Japanese Cat Cafes: Coffee and a Cuddle

Life With Cats is reader-supported. We may earn a small commission through products purchased using links on this page.

The first cat cafe opened its doors in Osaka, Japan in 2004. Since then, their popularity has grown and now these feline-friendly establishments are all the rage in Tokyo.

What exactly is a cat cafe? It’s a comfortable coffee shop where customers pay by the hour (usually $8-$10 USD) to sip tea or coffee and visit with the resident felines. Cafes post different rules; some won’t allow customers to disturb sleeping kitties, and some prohibit picking the cats up to hold them. Most permit customers to pet the cats, but only if the kitty is willing to receive the attention. Most cafes do not allow children and there is a strict no-tail-pulling rule.

Cat cafes must obtain a special license and adhere to strict regulations to ensure the cats’ safety, as well as cleanliness of the establishment. Customers must sanitize their hands before touching the cats and remove their shoes upon entering the cafe. Currently around 50 cat cafes are open for business in Tokyo, with more than 70 more in outlying areas. Calico, a very popular cafe in Tokyo, is extremely busy and even suggests customers make reservations on the weekends.

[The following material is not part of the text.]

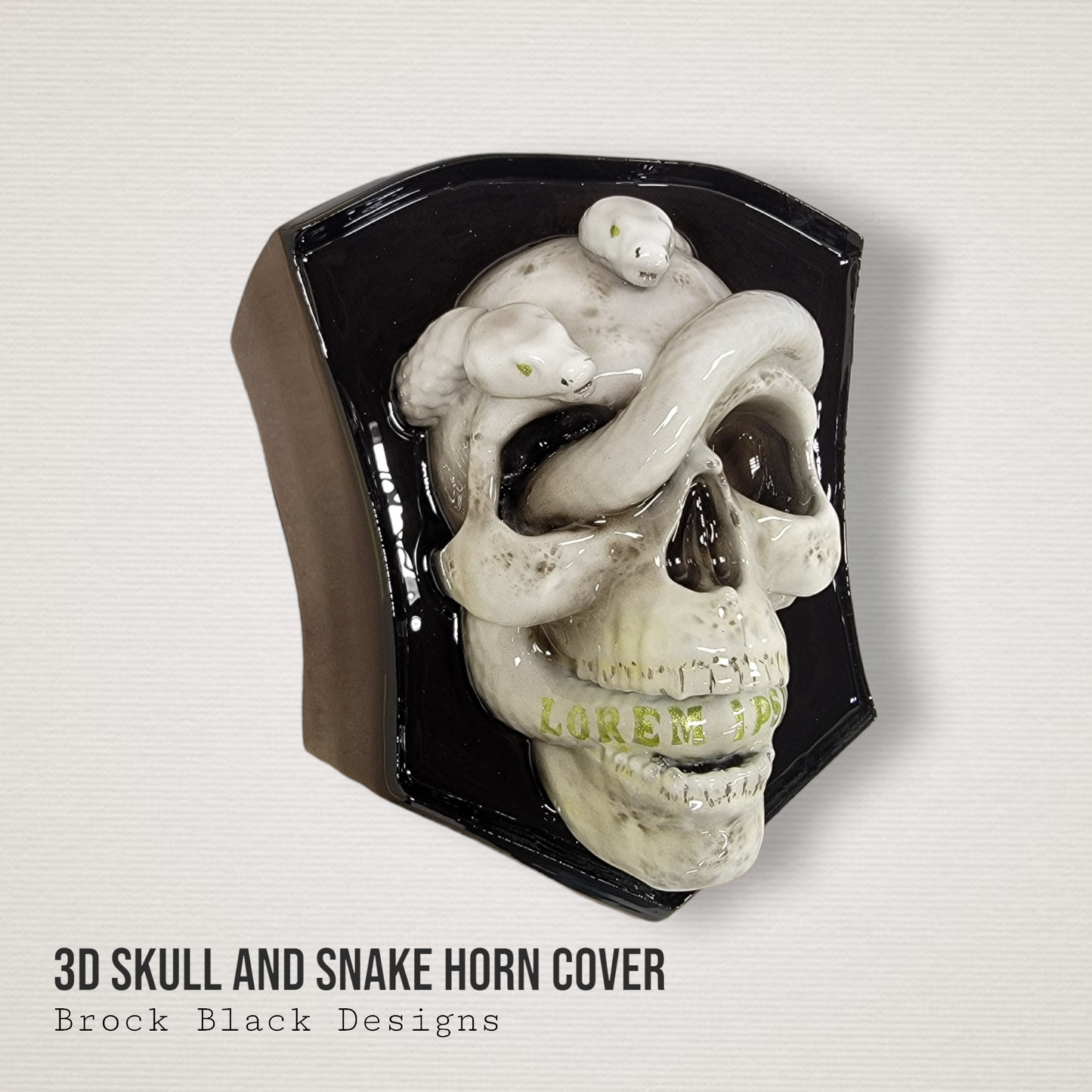 3D Skull and snakes side-mounted horn cover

Can’t make it to Japan any time soon?  How about a virtual visit to a cat cafe?

5 thoughts on “Japanese Cat Cafes: Coffee and a Cuddle”

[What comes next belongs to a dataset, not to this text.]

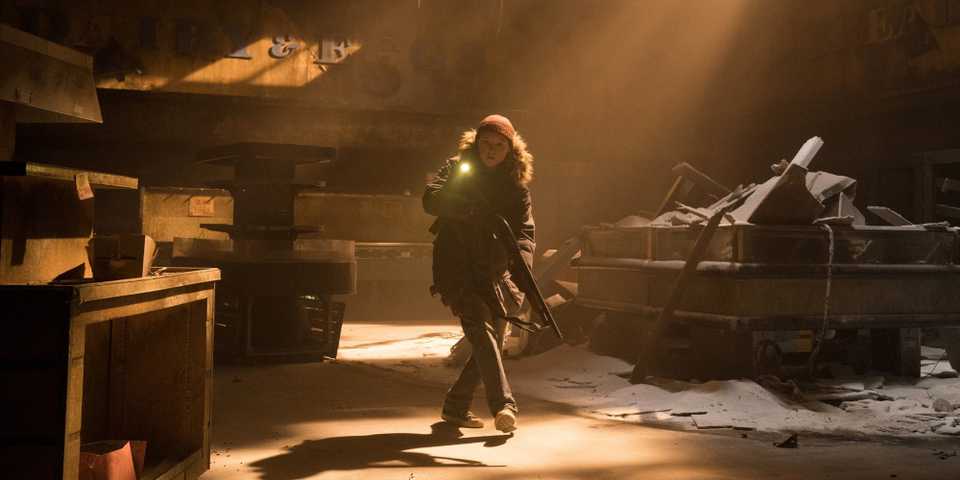 Ellie walking through an abandoned building in The Last Of Us.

  1. Interesting! I would enjoy tea and book with a few cats! I think this would be a great way to save some lives. Rescued cats are the best. I also think that there should be VERY STRICT LAWS concerning such a cafe…and a lot of them. I like the idea of NO children(I have very well behaved children, too), clean environment, UTD vet care, etc. Cats are companions and not tourist attractions. People should visit for the “right reason”!!!